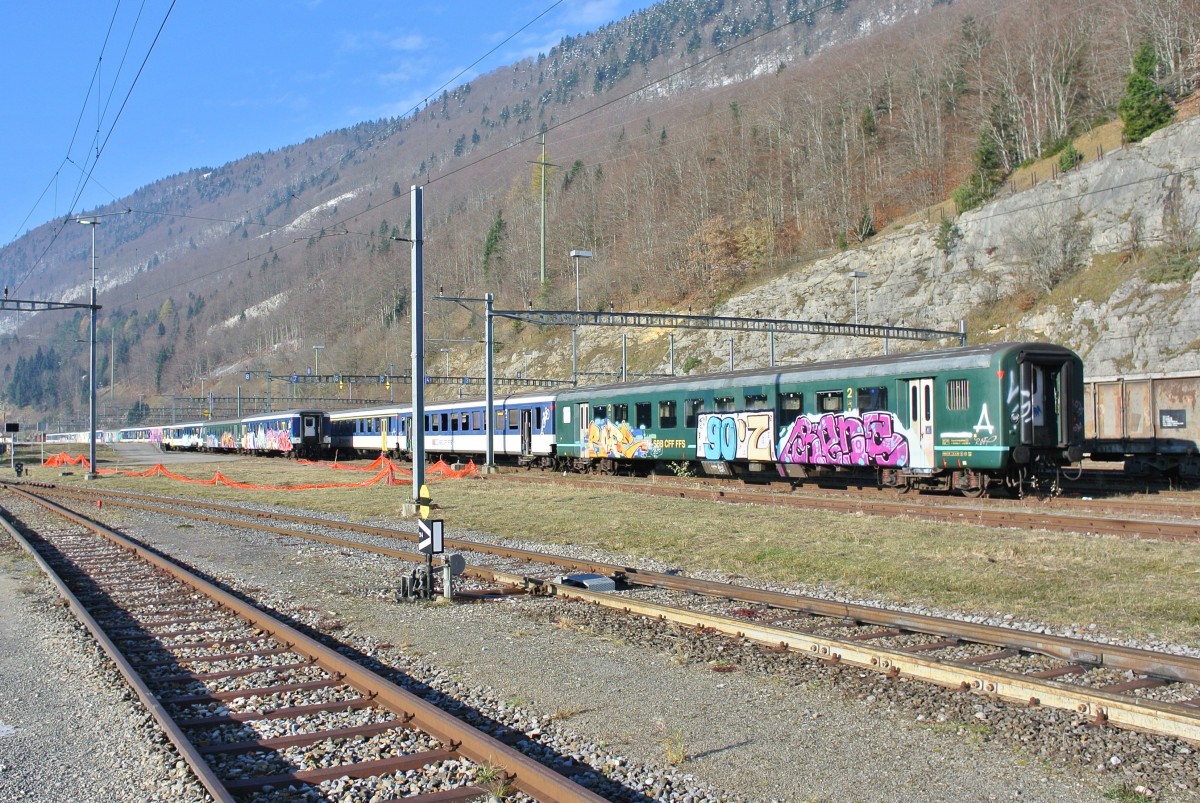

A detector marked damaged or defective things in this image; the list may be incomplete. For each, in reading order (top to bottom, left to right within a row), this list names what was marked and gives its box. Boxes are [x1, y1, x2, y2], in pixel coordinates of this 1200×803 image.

rusty track [0, 484, 608, 803]
rusty track [16, 478, 1200, 748]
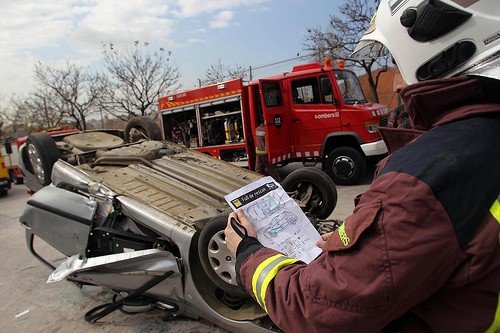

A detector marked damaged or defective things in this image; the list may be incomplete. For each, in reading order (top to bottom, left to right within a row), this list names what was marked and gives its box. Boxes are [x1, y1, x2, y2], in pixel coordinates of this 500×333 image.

overturned car [20, 116, 340, 330]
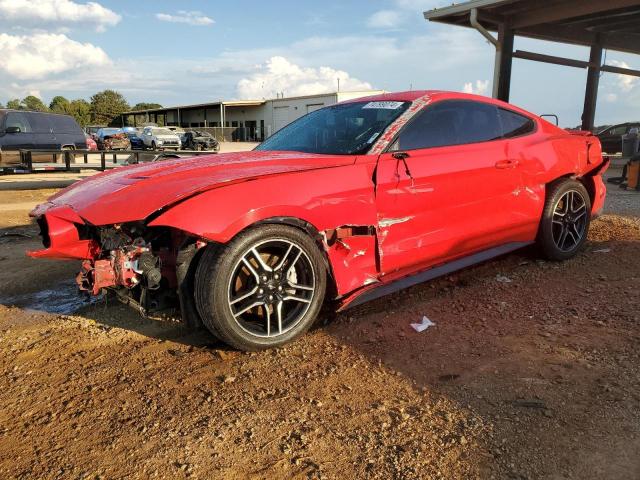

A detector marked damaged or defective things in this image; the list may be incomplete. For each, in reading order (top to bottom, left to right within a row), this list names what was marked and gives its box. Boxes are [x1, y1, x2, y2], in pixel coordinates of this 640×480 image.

crumpled hood [31, 151, 356, 226]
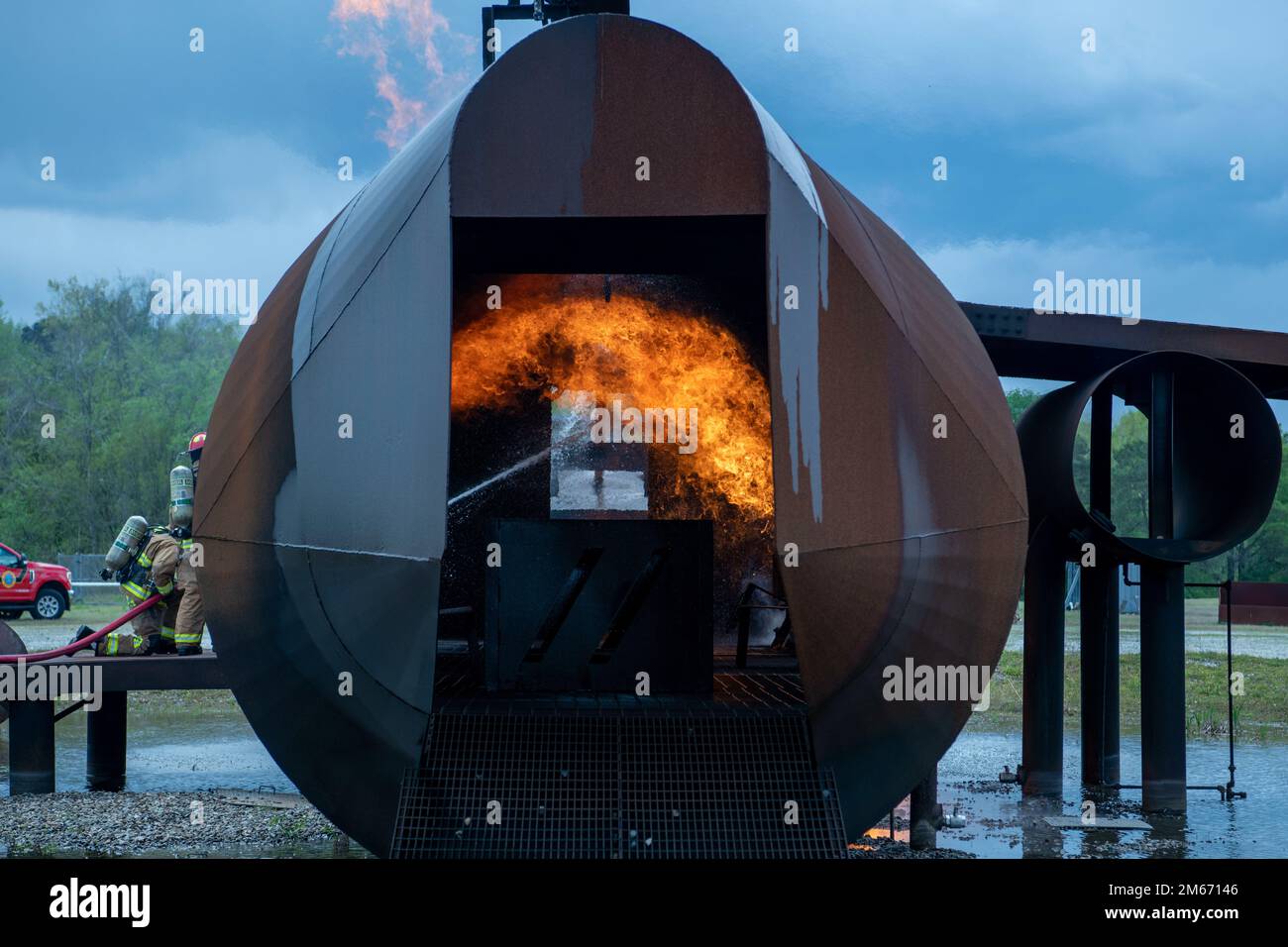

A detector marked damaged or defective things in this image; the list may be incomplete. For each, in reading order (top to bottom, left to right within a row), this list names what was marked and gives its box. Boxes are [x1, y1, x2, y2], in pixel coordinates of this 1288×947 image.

charred metal surface [198, 13, 1024, 850]
rusty steel fuselage [195, 13, 1030, 860]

# Work to complete:
In case the records contain pictures, keep those out and repeat the rest exactly.

# Expected output:
A detector marked damaged or defective things in this image; the list may be incomplete. For each, in reading order (top to bottom, left to right within a row), this list names what was marked and gives its box. Boxes are [x1, y1, x2, y2], in pixel coordinates of this 1200×803 image.

rusty track [0, 484, 608, 803]
rusty track [16, 478, 1200, 748]

A detector marked damaged or defective things in this image; the list may be incomplete. For each, in reading order (top to bottom, left to right within a row), this list names what was marked and gives its box. Boxes are [x1, y1, x2, y2], in pixel coordinates of this 500×333 image.

overturned car [20, 116, 340, 330]

A detector marked damaged or defective things in this image; the list may be incomplete. For each, in reading order (top to bottom, left to right within a row), this list names what was marked and gives its box. Boxes are [x1, y1, x2, y2], in pixel coordinates of this 640×480 image.

crumpled hood [31, 151, 356, 226]

A detector marked damaged or defective things in this image; the list may be incomplete. For each, in reading order (top to bottom, left to right within a row), this list names what was marked and gives its box. Boxes are [x1, y1, x2, y2], in pixel coordinates of this 1288×947 image.

charred metal surface [198, 13, 1024, 850]
rusty steel fuselage [195, 13, 1030, 860]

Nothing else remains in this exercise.